Although the entries contain pictures, your copy should hold only their exact text.

* [Short text fragments from websites]
+===+
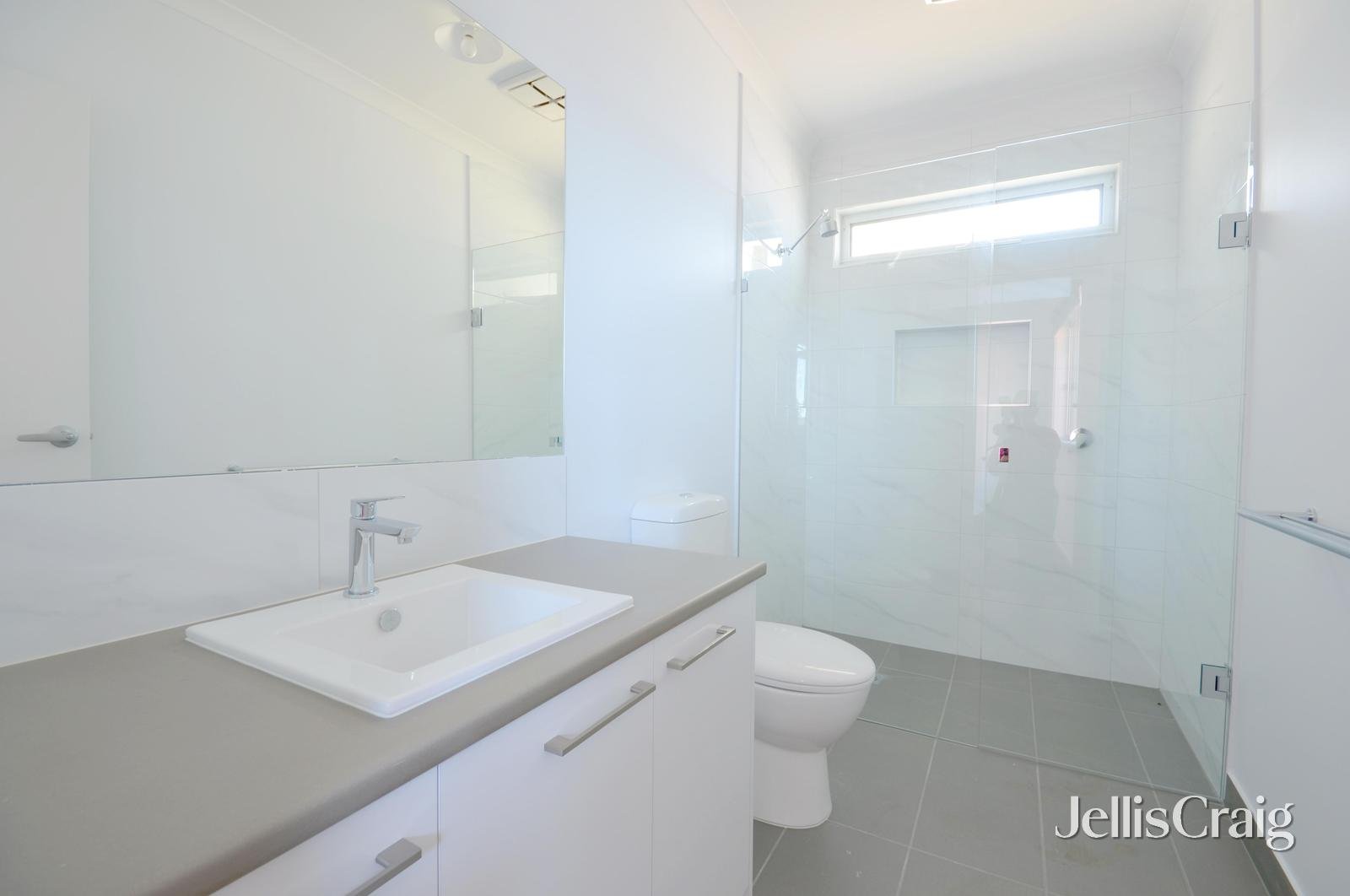 12 Tunbridge Street, Lucas image 10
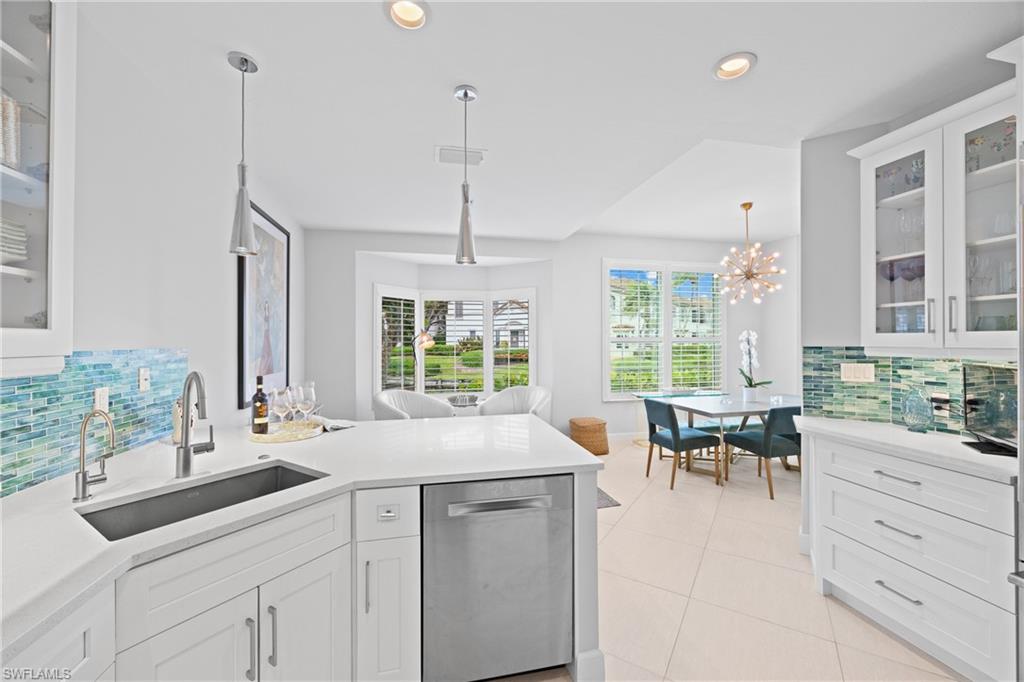 142 Colonade CIR 701 photo 13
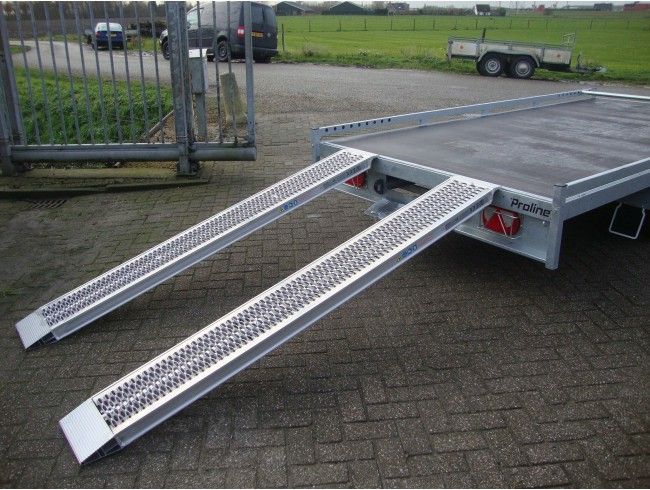 Oprijplaat set 240x30 cm 2800 kg u-profiel | Afbeelding 2 | Aanhangwagens XXL West-Brabant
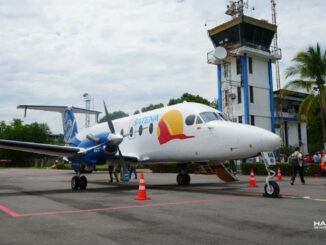Avión Beechcraft 1900 de SATENA en el Aeropuerto de Flandes, Colombia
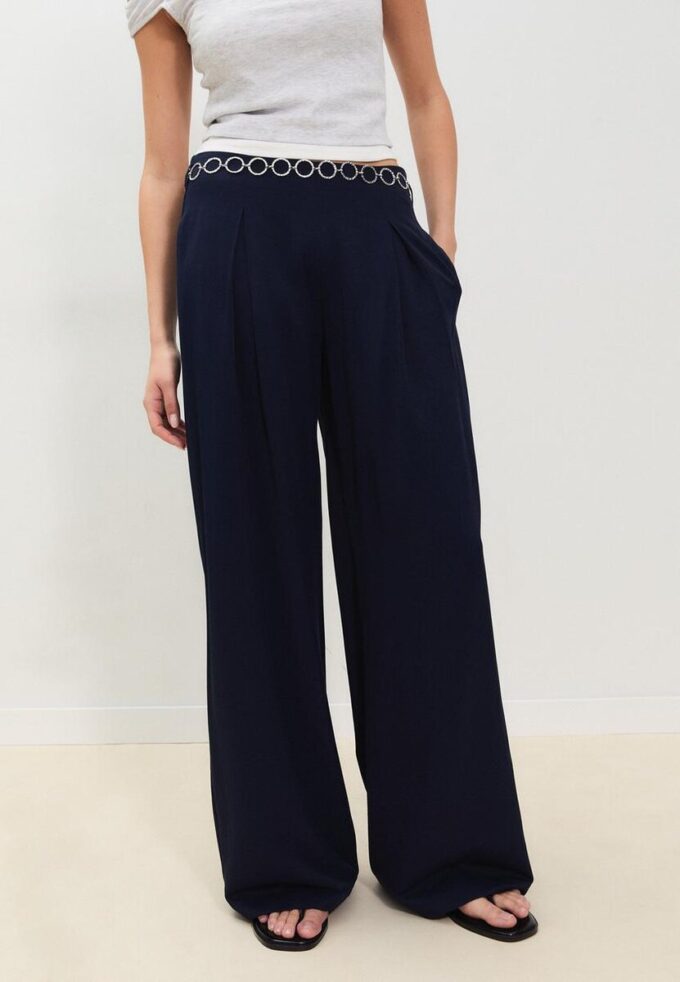 Pantalones de satén con pinzas y cinturón de cadena Pantalones de satén con pinzas y cinturón de cadena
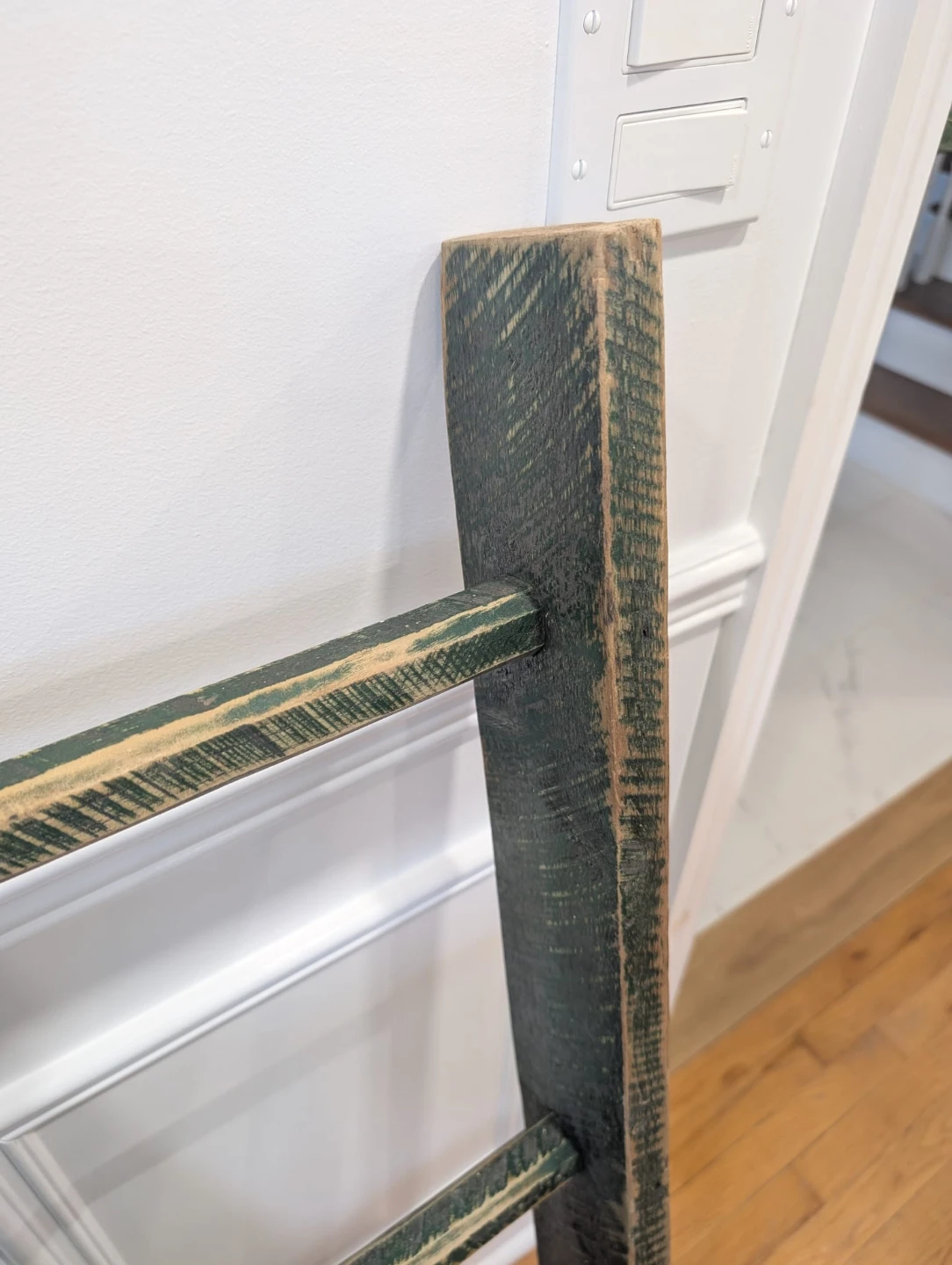 Antique Rustic Ladder blanket Decor - photo 4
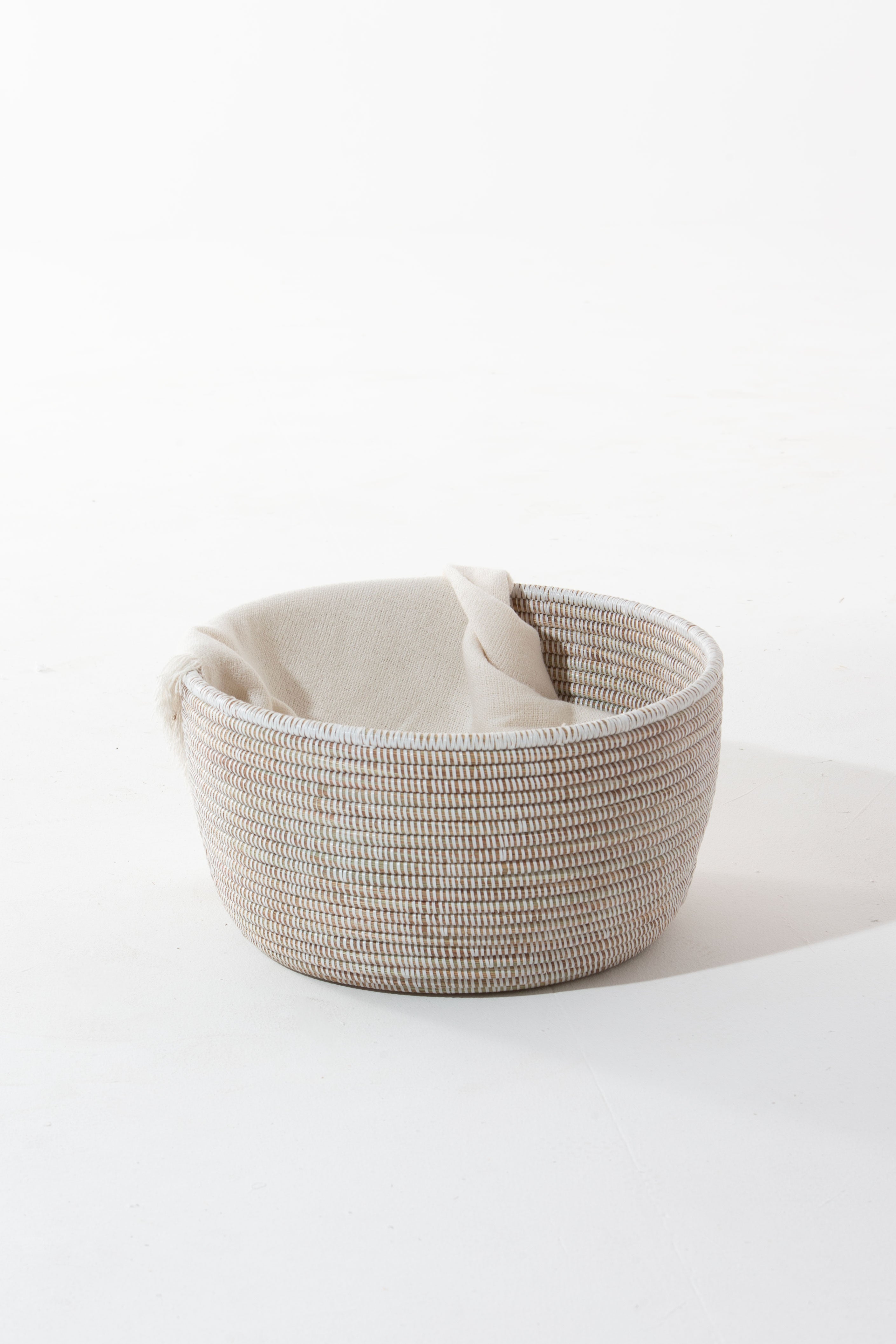 Quilla Handmade White Pet Basket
+===+
* [RESPONSE AREA]
 12 Tunbridge Street, Lucas image 10
 142 Colonade CIR 701 photo 13
 Oprijplaat set 240x30 cm 2800 kg u-profiel | Afbeelding 2 | Aanhangwagens XXL West-Brabant
Avión Beechcraft 1900 de SATENA en el Aeropuerto de Flandes, Colombia
 Pantalones de satén con pinzas y cinturón de cadena Pantalones de satén con pinzas y cinturón de cadena
 Antique Rustic Ladder blanket Decor - photo 4
 Quilla Handmade White Pet Basket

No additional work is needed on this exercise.